Scientific classification
- Kingdom: Plantae
- Clade: Tracheophytes
- Clade: Gymnospermae
- Division: Pinophyta
- Class: Pinopsida
- Order: Pinales
- Family: Pinaceae
- Genus: Pinus
- Subgenus: P. subg. Strobus
- Section: P. sect. Parrya
- Subsection: P. subsect. Cembroides
- Species: P. orizabensis
- Binomial name: Pinus orizabensis (D.K.Bailey) D.K.Bailey & F.G.Hawksworth
- Synonyms: P. cembroides subsp. orizabensis D.K.Bailey;

= Pinus orizabensis =

- Genus: Pinus
- Species: orizabensis
- Authority: (D.K.Bailey) D.K.Bailey & F.G.Hawksworth
- Conservation status: EN
- Synonyms: P. cembroides subsp. orizabensis D.K.Bailey

Species of conifer

Pinus orizabensis, the Orizaba pinyon, is a pine in the pinyon pine group, endemic to central Mexico. It is considered also as a sub-species of Pinus cembroides which is classified as Pinus cembroides subsp. orizabensis D.K.Bailey. It has larger seeds than the type.
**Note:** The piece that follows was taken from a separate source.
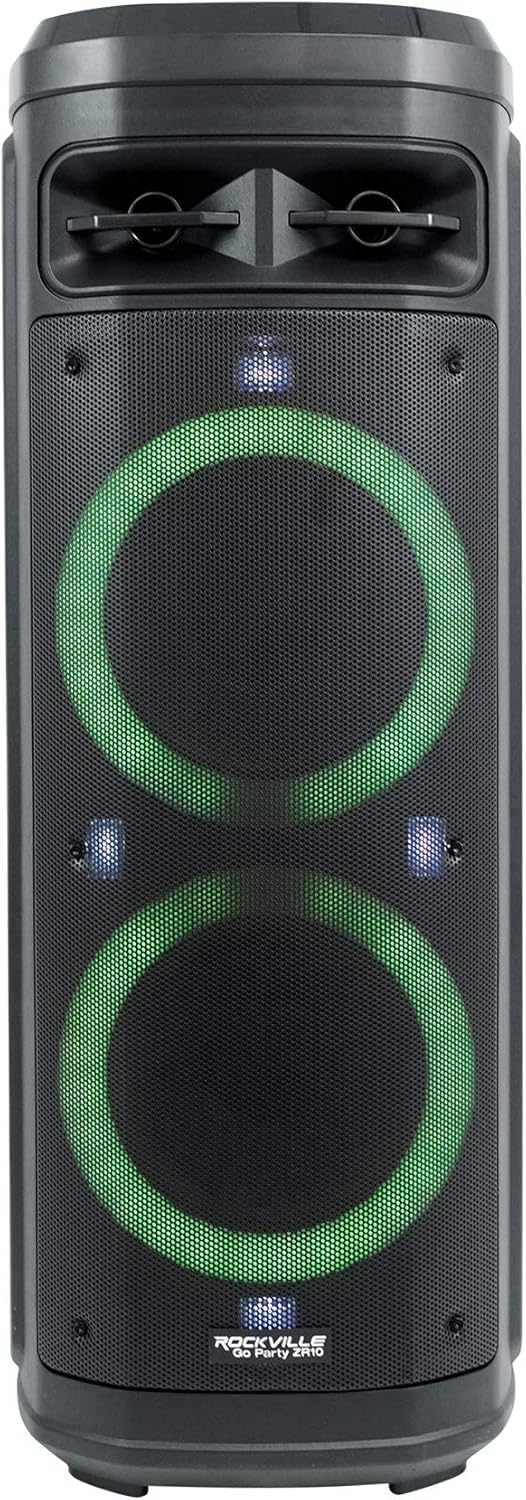Rockville Go Party ZR10 Dual 10" 1000W Portable Bluetooth Speaker, LED Lights, UHF Mic, TWS Stereo, Perfect for Parties and Outdoor Events - Image 8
The range is localised, confined to a small area in the eastern Eje Volcánico Transversal range (Trans-Mexican Volcanic Belt), in the states of Puebla and Veracruz. It occurs at high altitudes, mostly from 2200–2800 m, in a cooler, moister climate than the other pinyon pines.

==Description==
It is a small to medium-size tree, reaching 8–10 m tall and with a trunk diameter of up to 50 cm. The bark is dark brown, thick and deeply fissured at the base of the trunk. The leaves ('needles') are in mixed fascicles of three and four, slender, 3–6 cm long, and deep green to blue-green, with stomata confined to a bright white band on the inner surfaces.

===Cones===
The cones are globose to ovoid, 4–7 cm long and 3–5 cm broad when closed, green at first, ripening yellow-brown when 16–18 months old, with only a small number of thin scales, typically 6-18 fertile scales. The cones open to 5–7 cm broad when mature, holding the seeds on the scales after opening.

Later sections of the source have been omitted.